We can’t get to everything, and really, not everything we receive fits. But now and again something will come along that totally aligns with the type of music we love and try to feature on this site. That happened recently when the band Askrinn sent us a message along with their debut offering “Hjørleifsljóð.” The message was accompanied by a brief description of the music, basically in that is in the vein of Arckanum, and that made me want to tear into the thing for two reasons. First, anything compared to Arckanum gets my ears to perk up because I love that band. Second, I wanted to see if that line of thinking applied and if it measured up to those expectations. Luckily, it did, and if anything, band mastermind Valenten may have sold his project short, because his reaches go far beyond.

The music is rooted in Pagan black metal, something in which I indulge heavily in late fall and winter months, because to me, it just works so well at that time of the year. Cold weather oppressing, red and orange skies mixing with purple as dusk nears, and my boots crunching snow, dead branches, and decaying leaves. Lyrically the record is inspired by a 13th century Icelandic text.  But beyond that Arckanum comparison, I hear so many more influences in Askrinn’s music, stretching but not limited to early Enslaved, Leviathan, Beherit, and Summoning, groups that do a great job balancing atmosphere with outright brutality. So the music that greeted me on “Hjørleifsljóð” excited me so much, I felt that not only did I want to render my opinion, but I wanted as many people as possible to check out the music and see if it doesn’t make their blood surge.

The first cut “Bjarmalandsför Hjörleifs konungs” rips open, with a wintry black metal-style guitar assault blasting fully and compelling melodies encircling and enrapturing you. The song takes some bizarre turns, leaving you unable to look back and see a clear path as to where you’ve come from, and the wrenching vocals work with the twisting and spiraling chaos to mete out devastation.
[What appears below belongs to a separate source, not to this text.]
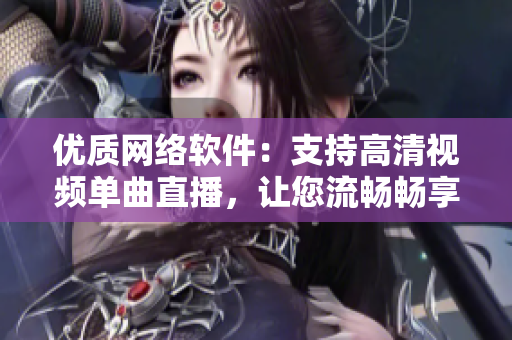 优质网络软件：支持高清视频单曲直播，让您流畅畅享网络娱乐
Toward the end of the track, folk-inflected guitars rise up and the track bursts to its finish. “Hjörleifr mægðist við Hreiðar konung” follows, beginning with acoustic strains drizzling down and fury finally taking hold of the song. Once again, the vocals are fierce and emotional, matching the intensity of the music that just crushes in spots, and there’s a charm apparent in the lo-fi approach to the cut. It feels genuine and raw, which enhances the atmosphere. Valenten again delves into folk, letting in some color and more texture, but before it’s over, the fires blaze again, the melodies are inventive and invigorating, and the final moments feel like they emanate from a deep freeze.

“Frá spám Marmennils” has a doom-infested intro, making for some of the darkest pockets on the record, but eventually Valenten returns to churning out spacious black metal, with the leads raining down hard and delivering total darkness. There is some cool start-stop playing that makes the music feel chunky and heavy, though eventually some echoey acoustics bleed in to halt the pace. Once the storm returns, the vocals take on a creaky, terrifying tone, the leads feel like they’re racing over a bumpy road with reckless abandon, and speedy melodies and guttural growls keep punishing you to the end. “Frá konungum, Hjörleifi ok Hreiðari” has an elegant introduction, with clean playing leading the way, and more serenity that hopes to disarm you for when the power strikes. And it does, with razor-sharp, dangerous guitars, shrieks floating atop the madness, and a great tempo that gets your fists clenched. The drums are utterly assaulted, the fever builds, and the song has a great finale that should leave your lungs gasping for freezing air. Valenten ends the record with an excellent cover of Bornholm’s “Hymn to the Forgotten Pagan Gods,” his take on the Hungarian band’s song that’s a little grislier than the original. It fits really well with the four original songs, and it brings this collection to a thunderous, satisfying end.

Askrinn is a very worthy project, one that’s just in its infancy and really has a world of potential to explore. Valenten has done a great job with “Hjørleifsljóð” to keep it heavy but raw, fully realized but open to the listeners’ interpretation of the journey. I’m hoping to see Askrinn grow and develop from here, as the ideas behind the band and the fantastic music make for solid foundations. I’m thrilled Valenten chose to reach out, because this adds more vital music to my icy soundtrack over the next few months.